In this paper, \(T\) is a regular semigroup and \(S=BR(T,\alpha)\) a Bruck-Reilly extension of \(T\). \({\mathcal C}(S)\) is the lattice of congruences on \(S\), \(\sigma\in{\mathcal C}(S)\) is the least group congruence and \(\beta\in{\mathcal C}(S)\) is induced by the canonical homomorphism of \(S\) onto the bicyclic semigroup. \(C_\alpha(T)\) is the lattice of all congruences \(\Gamma\) on \(T\) such that \(a\Gamma b\) implies as \(a\alpha\Gamma b\beta\) for all \(a,b\in T\). For congruences \(\rho,\lambda\), put \(\rho{\mathbf K}\lambda\) if \(\rho\) and \(\lambda\) have the same kernel.

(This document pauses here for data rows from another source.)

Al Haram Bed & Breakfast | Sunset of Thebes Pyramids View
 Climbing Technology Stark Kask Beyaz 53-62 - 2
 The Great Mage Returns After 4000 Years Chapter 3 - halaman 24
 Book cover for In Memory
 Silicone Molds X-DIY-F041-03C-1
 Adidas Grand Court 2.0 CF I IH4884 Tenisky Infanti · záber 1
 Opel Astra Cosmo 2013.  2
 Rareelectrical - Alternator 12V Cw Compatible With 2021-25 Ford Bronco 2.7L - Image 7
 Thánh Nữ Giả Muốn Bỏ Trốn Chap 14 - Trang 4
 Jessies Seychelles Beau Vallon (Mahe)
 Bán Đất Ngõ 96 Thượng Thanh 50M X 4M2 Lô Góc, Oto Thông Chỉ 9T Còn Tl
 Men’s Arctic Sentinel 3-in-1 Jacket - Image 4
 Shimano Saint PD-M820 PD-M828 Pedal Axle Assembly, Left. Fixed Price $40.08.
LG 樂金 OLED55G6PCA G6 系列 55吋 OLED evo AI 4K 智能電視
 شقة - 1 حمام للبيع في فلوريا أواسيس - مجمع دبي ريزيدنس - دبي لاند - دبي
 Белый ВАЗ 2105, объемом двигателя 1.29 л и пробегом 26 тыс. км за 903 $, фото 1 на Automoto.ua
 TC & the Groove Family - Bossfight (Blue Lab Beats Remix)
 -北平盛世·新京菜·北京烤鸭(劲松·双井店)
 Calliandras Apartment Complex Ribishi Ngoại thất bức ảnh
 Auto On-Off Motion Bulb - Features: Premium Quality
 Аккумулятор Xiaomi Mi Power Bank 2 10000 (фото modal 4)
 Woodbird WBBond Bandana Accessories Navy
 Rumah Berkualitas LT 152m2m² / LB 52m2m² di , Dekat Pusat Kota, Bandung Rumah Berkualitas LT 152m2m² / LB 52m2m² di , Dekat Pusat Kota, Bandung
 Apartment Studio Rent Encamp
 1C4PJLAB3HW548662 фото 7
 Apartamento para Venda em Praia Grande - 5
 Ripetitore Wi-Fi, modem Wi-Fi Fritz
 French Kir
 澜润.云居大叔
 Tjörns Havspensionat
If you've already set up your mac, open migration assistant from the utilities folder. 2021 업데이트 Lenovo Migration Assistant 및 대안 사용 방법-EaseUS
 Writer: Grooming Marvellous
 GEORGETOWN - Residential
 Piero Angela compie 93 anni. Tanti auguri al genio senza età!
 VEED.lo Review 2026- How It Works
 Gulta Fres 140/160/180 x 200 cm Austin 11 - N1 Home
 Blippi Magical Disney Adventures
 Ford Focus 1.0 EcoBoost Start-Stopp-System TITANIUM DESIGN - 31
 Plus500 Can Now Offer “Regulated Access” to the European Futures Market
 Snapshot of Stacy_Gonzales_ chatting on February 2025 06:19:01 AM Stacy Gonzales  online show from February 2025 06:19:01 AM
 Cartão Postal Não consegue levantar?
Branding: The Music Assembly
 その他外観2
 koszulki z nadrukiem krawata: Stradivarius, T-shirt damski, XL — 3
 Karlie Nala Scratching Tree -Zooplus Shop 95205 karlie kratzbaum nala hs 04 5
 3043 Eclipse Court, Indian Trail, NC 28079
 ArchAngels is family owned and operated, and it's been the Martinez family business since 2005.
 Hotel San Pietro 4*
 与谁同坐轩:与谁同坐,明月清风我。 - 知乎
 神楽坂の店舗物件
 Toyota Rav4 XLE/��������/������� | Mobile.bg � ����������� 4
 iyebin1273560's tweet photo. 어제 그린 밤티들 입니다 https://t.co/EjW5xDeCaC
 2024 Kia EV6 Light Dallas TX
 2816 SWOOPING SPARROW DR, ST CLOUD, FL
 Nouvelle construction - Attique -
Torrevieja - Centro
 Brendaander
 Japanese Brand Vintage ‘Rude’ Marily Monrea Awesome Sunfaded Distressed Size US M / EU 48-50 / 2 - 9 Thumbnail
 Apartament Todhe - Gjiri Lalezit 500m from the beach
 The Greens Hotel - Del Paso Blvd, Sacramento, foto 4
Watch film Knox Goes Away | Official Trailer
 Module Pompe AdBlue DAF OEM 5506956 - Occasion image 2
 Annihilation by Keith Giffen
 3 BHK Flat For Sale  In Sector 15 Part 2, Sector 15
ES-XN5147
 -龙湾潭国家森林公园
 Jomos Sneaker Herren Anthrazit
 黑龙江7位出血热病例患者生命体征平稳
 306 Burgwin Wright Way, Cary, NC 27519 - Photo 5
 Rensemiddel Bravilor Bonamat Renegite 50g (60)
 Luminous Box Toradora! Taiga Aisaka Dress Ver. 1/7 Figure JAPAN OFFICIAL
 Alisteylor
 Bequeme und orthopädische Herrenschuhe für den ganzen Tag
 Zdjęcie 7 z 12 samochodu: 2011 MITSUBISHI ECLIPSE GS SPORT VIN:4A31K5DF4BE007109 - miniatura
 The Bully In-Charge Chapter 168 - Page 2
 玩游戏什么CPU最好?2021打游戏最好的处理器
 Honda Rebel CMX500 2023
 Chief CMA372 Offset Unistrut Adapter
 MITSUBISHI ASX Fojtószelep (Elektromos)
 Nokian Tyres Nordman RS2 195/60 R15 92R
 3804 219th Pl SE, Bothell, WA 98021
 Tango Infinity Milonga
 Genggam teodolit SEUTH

It is shown that \(\mathbf K\) is a congruence relation on \({\mathcal C}(S)\) if and only if \(\mathbf K\) is a congruence on the principal ideal \((\sigma\vee\beta]\) of \({\mathcal C}(S)\), and this is the case if and only if \(\mathbf K\) is a congruence on \(C_\alpha(T)\) and, \((\sigma\vee\beta]\to(\beta]\), \(\lambda\to\lambda\land\beta\) is a surjective homomorphism. The authors look at other properties (\(\theta\)-modularity, \(K\)-modularity, \(K'\)-modularity) of the lattice \({\mathcal C}(S)\) and obtain similar results for each of these situations.